Work to be completed -
Retype each entry below exactly. Do not carry any image over.

Stored data entries -
════════════════

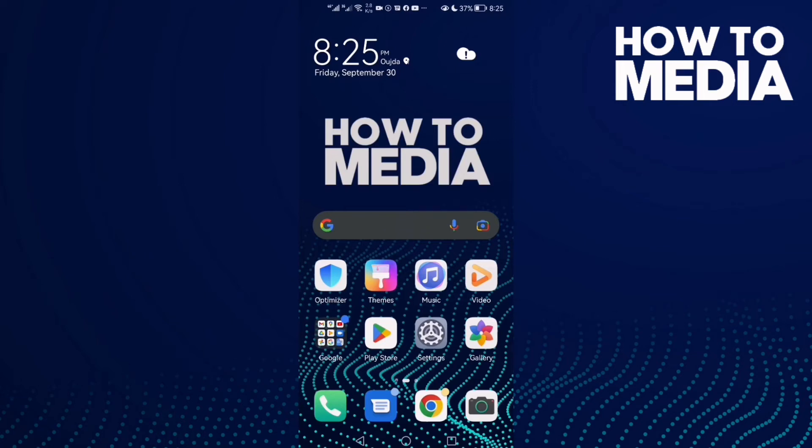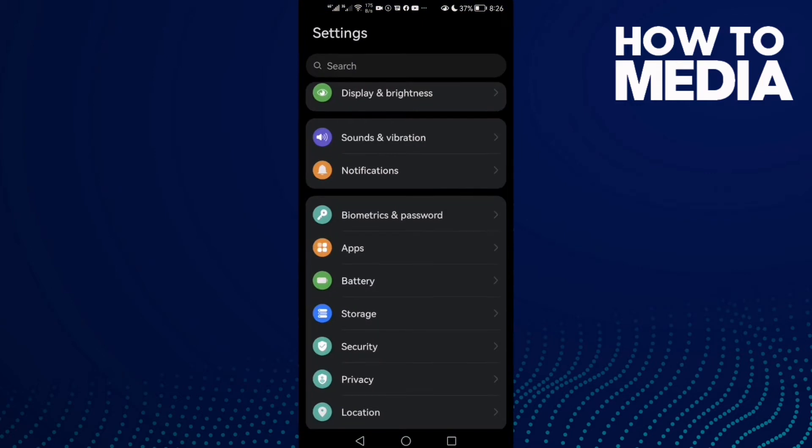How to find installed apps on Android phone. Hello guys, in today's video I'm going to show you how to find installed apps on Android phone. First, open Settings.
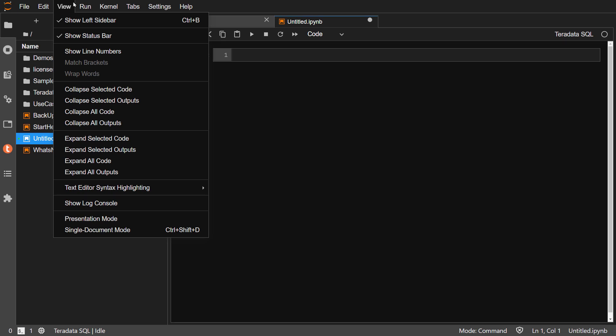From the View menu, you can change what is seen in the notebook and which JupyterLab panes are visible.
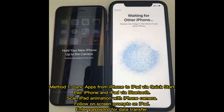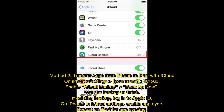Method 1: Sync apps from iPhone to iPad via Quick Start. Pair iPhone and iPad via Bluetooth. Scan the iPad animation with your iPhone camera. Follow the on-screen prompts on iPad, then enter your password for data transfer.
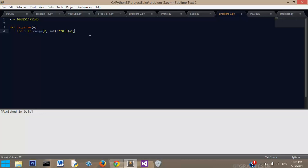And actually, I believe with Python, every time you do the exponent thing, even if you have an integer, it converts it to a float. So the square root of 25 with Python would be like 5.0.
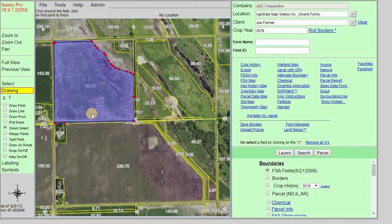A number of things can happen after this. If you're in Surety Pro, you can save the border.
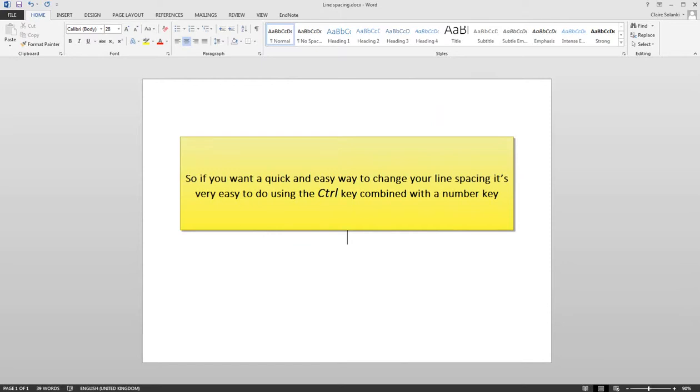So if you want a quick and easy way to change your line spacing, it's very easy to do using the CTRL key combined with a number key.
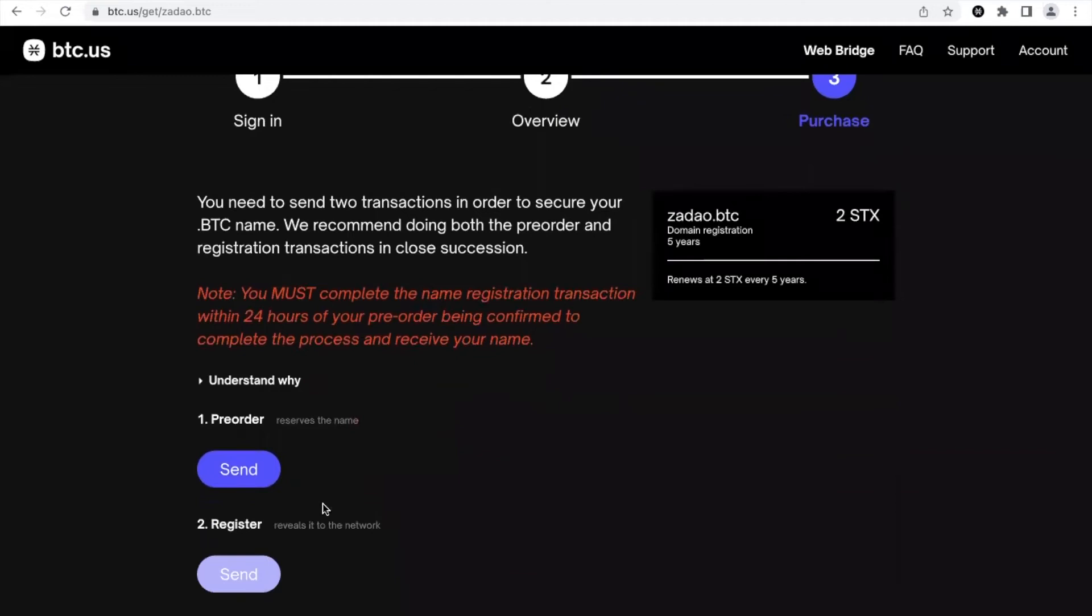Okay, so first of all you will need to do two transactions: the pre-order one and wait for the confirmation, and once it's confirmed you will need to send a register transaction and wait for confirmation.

════════════════

Task result -
How to find installed apps on Android phone. Hello guys, in today's video I'm going to show you how to find installed apps on Android phone. First, open Settings.
From the View menu, you can change what is seen in the notebook and which JupyterLab panes are visible.
Method 1: Sync apps from iPhone to iPad via Quick Start. Pair iPhone and iPad via Bluetooth. Scan the iPad animation with your iPhone camera. Follow the on-screen prompts on iPad, then enter your password for data transfer.
And actually, I believe with Python, every time you do the exponent thing, even if you have an integer, it converts it to a float. So the square root of 25 with Python would be like 5.0.
A number of things can happen after this. If you're in Surety Pro, you can save the border.
So if you want a quick and easy way to change your line spacing, it's very easy to do using the CTRL key combined with a number key.
Okay, so first of all you will need to do two transactions: the pre-order one and wait for the confirmation, and once it's confirmed you will need to send a register transaction and wait for confirmation.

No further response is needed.